My question is: what property of $A$ and $c$ would assure us that this simplified algorithm works for all $b$? My initial conjecture was that the nonzero elements of $A$ should be increasing in each row, but that is not correct.
Here are some examples, all with $c=(1,1,1)$: $A_1=\begin{pmatrix} 1 & 1 & 1 \\ 1 & 2 & 3 \\ 3 & 2 & 0\end{pmatrix}$, $A_2=\begin{pmatrix} 0 & 0 & 1 \\ 3 & 0 & 2 \\ 0 & 3 & 2 \end{pmatrix}$, $A_3=\begin{pmatrix} 1 & 1 & 1 \\ 1 & 0 & 0 \\ 1 & 0 & 1 \end{pmatrix}$, $A_4=\begin{pmatrix} 1 & 0 & 1 \\ 0 & 1 & 0 \\ 0 & 1 & 1 \end{pmatrix}$. For all of these, the sequential algorithm gives the optimal solution for all values of $b$ (by numerical experimentation). $A_3$ is the only one for which all permutations of columns also work. $A_1$ and $A_3$ are especially baffling, since $(1,1,3)$ looks more expensive than $(1,3,0)$ and $(1,1,1)$ more expensive than $(1,0,0)$.

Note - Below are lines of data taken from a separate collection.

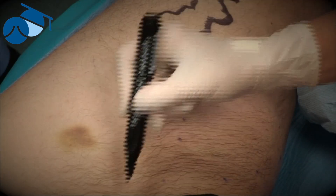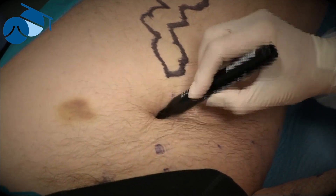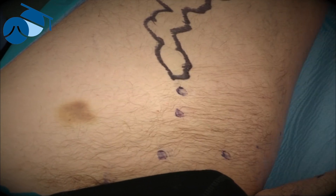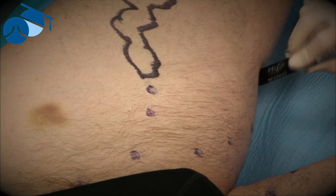We have now marked the course of the anterior accessory venous vein that we're going to treat, as well as the entry point. Below that point, we will phlebectomize the varicosities that come from that refluxing vein.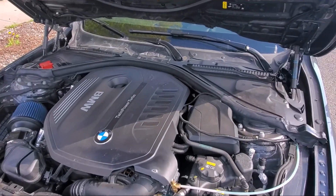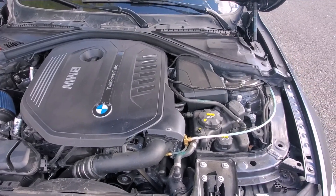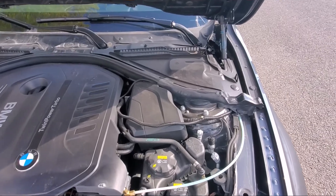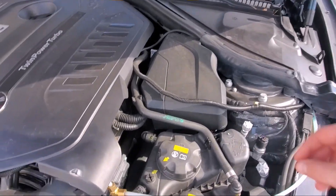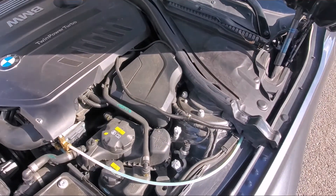So today we're going to be talking about how to make your F30 340i as fast as an M3. First thing you're going to have to do to make that happen, get a JB-4. It's located right here, super easy to install.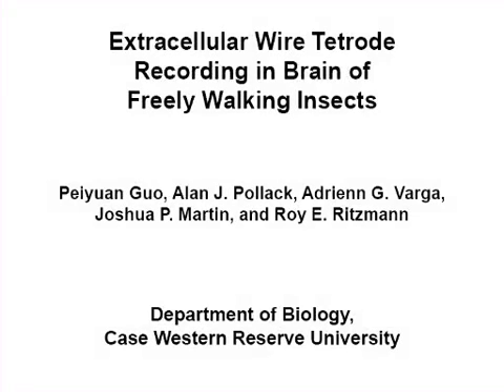The overall goal of this procedure is to record complex neural activity in the brain and coordinate it with the video recorded behaviors of freely moving insects.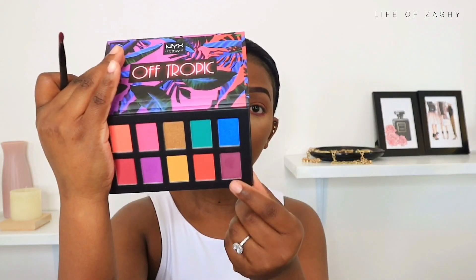To darken up that purple shade, I took a second shade which is also purple and darkened the lower lash line — I really like the look of this. After applying that shade, I took a small blending brush to blend out any harsh lines and even out the eyeshadow shade.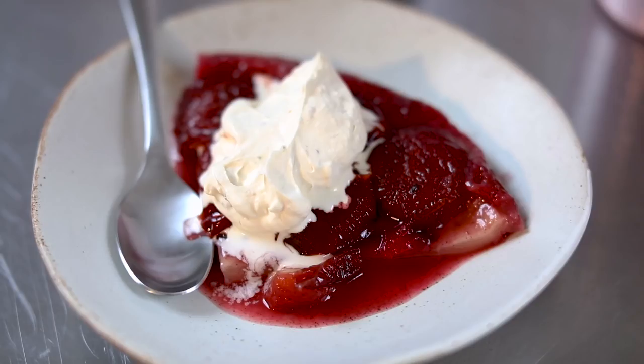Hi, I'm Kenny Tutt, MasterChef Champion 2018. Today we're going to be making a beautiful plum tarte tatin.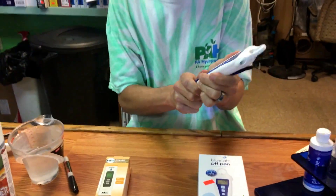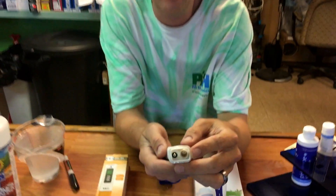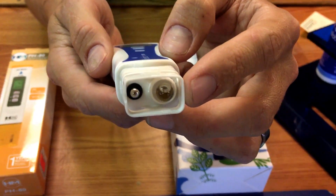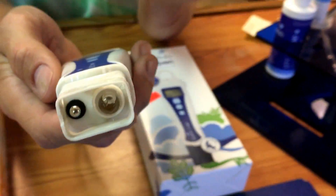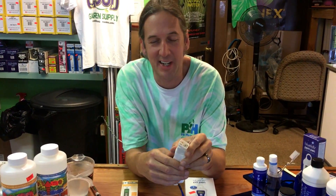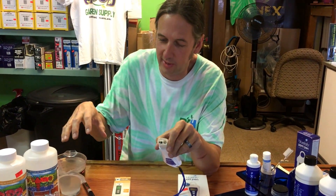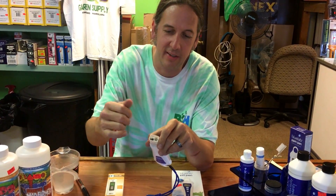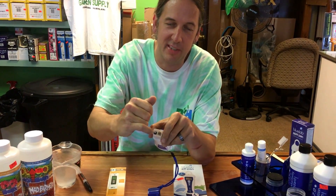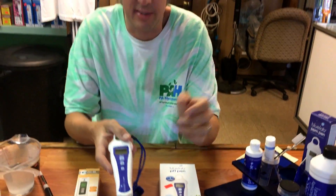All meters have a little glass ball at the bottom. Customers sometimes come in saying their meter has leaked and there's liquid inside — but it's supposed to have liquid in there. That's potassium chloride, and it's full of ions. Ions come out through that glass, go into your liquid, and then come back. The meter compares it to a side piece called the junction, and then the internal computer figures out the pH value.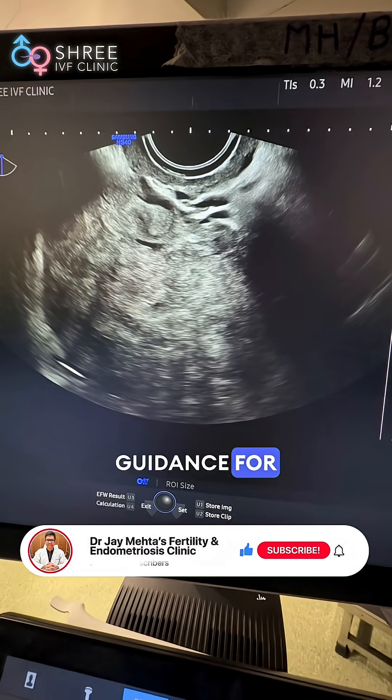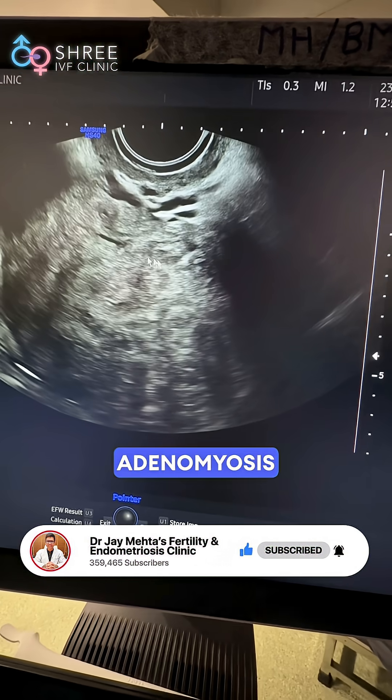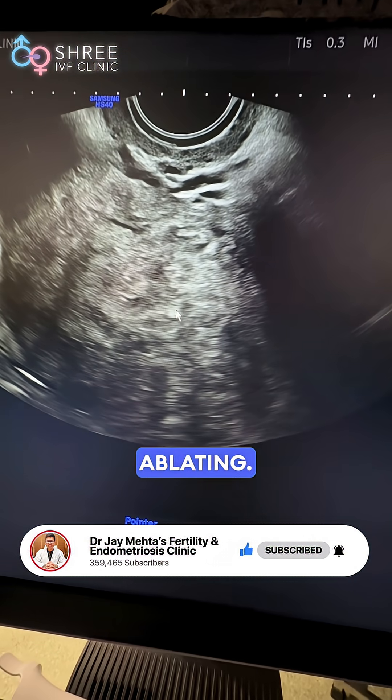Sonography guidance for such procedures is mandatory. You can see a large posterior wall adenomyosis which we will now be ablating.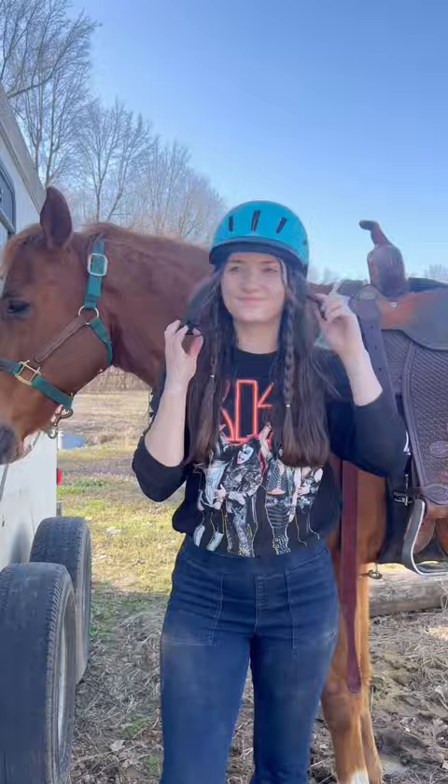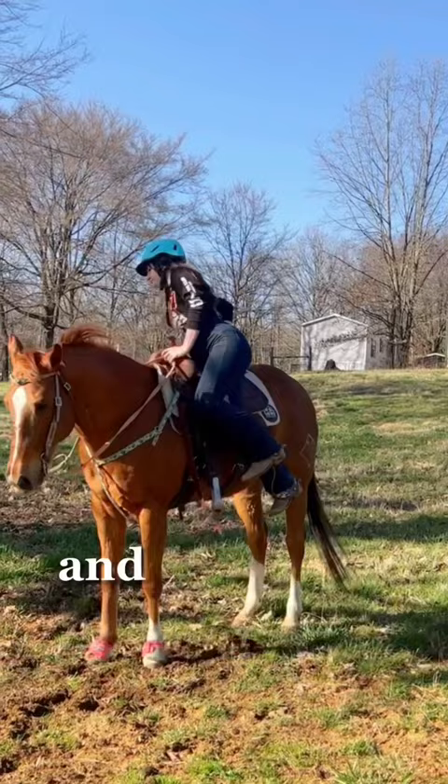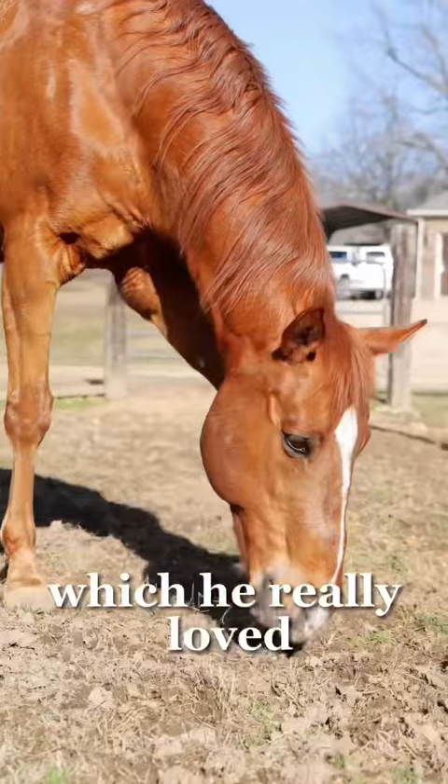I wanted him to feel a little more free. He really hates that indoor, and he got maybe a little too free, and we had a little bit of fun. Then I got off, took my saddle off, and he got to go outside, which he really loved and did not want to come in.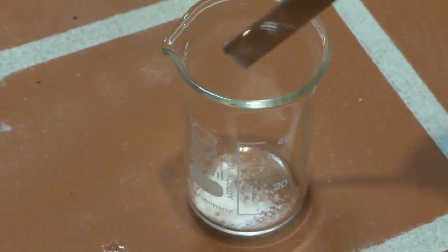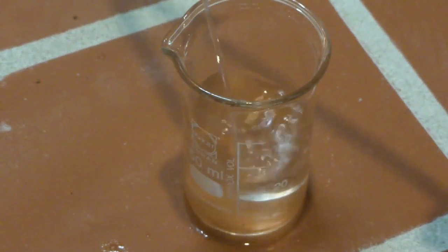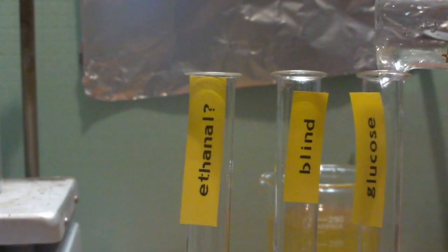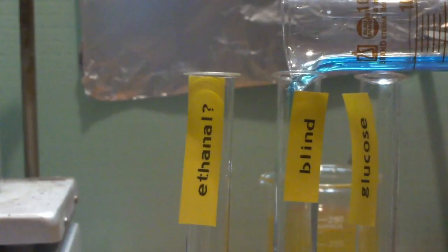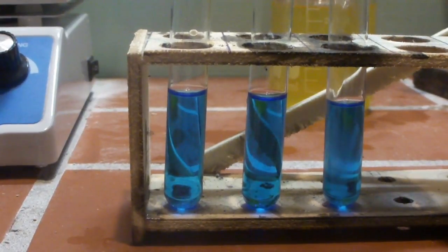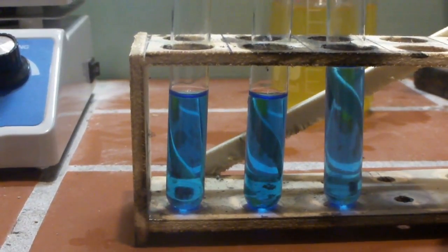Next, dissolve some dextrose in water. Our Fehling's solution is then added to three test tubes. To obtain accurate results, we perform the reference test with glucose, as this will give a positive result. We also perform the so-called blind test, which shows us whether the test solution itself is okay to use. To the third test tube, we add some of our acetaldehyde solution.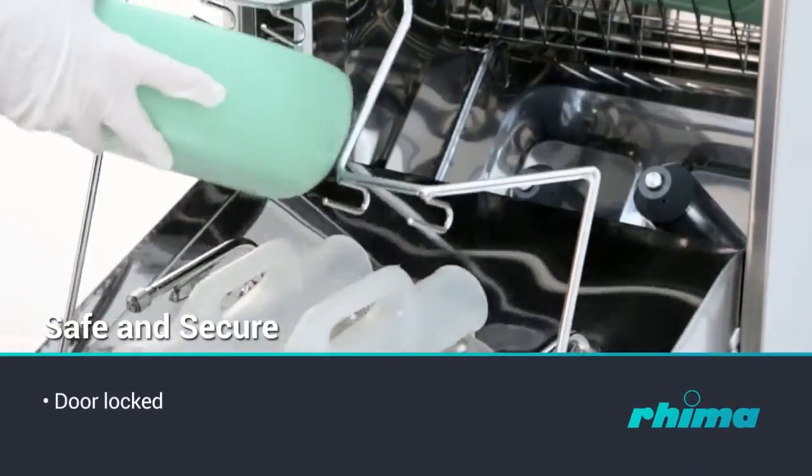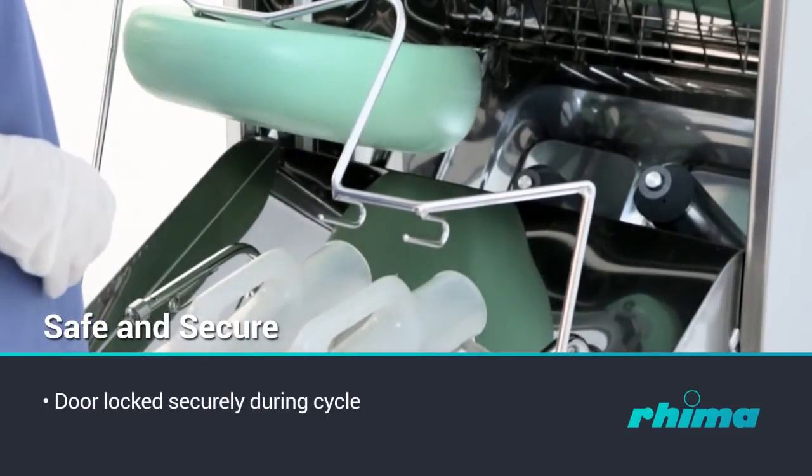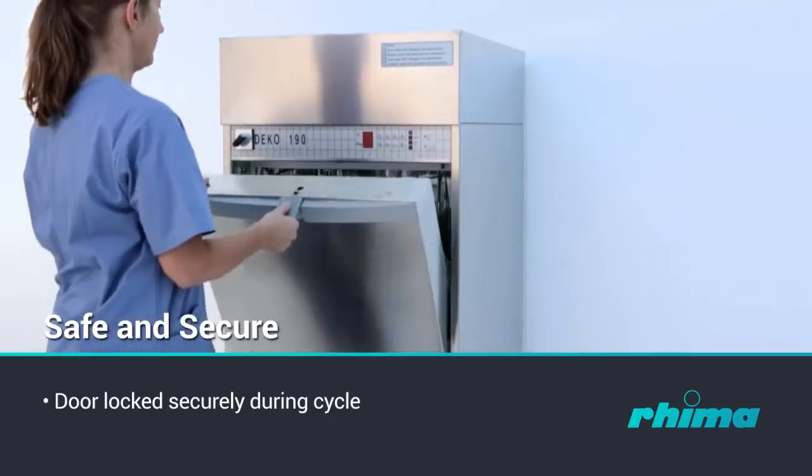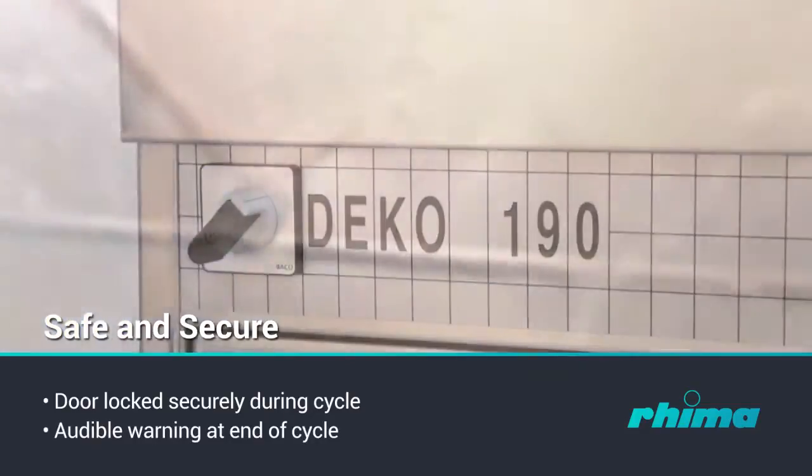The door is locked securely during the cycle. A green indicator will advise when the door is unlocked for opening. An audible indicator may be added to draw attention to the ending of the cycle.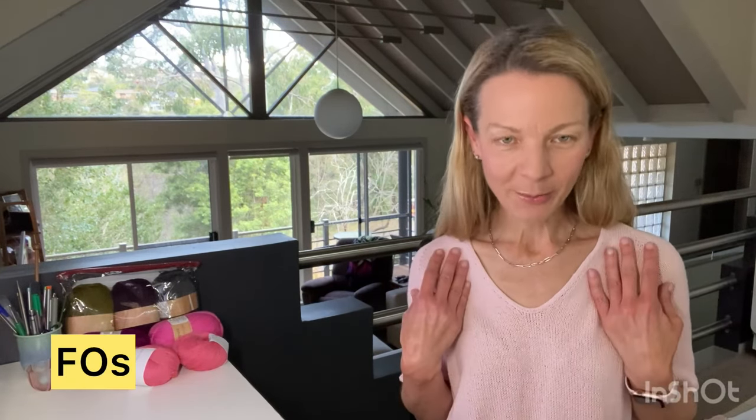I'm going to start with my finished objects. I have two, one of which I'm wearing — this is the Cumulus T by Petite Knit. I knit it out of the recommended yarn, which is Knitting for Olive Pure Silk in the colorway Ballerina. It was a bit fraught; I had some issues with gauge.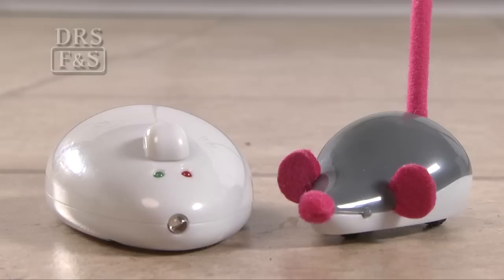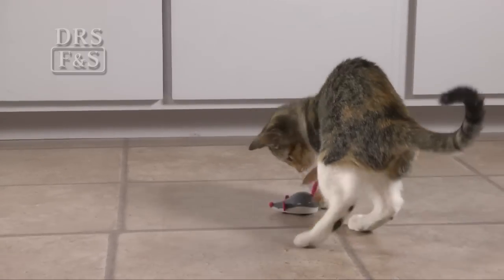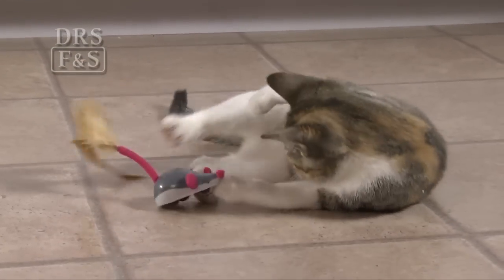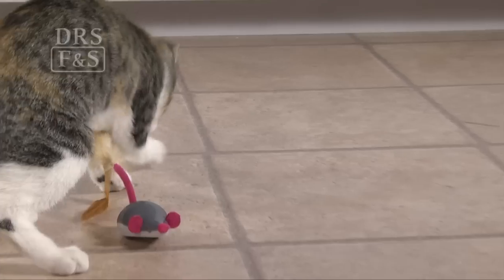Playtime is every time that you turn on the Cheese Chaser toy. This remote control mouse will send your kitty scrambling for the chase. The single button on the remote changes the mouse's direction, making it zig and zag.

I would be tremendously grateful for any pointers to the literature, for any problems like this, or any suggestions at all. There must have been other cases where some variables can be determined to be "cheaper" than others and can safely be done first. With all the work that has been done on linear programming over the years, it seems that something similar must have come up, but I haven't been able to find it.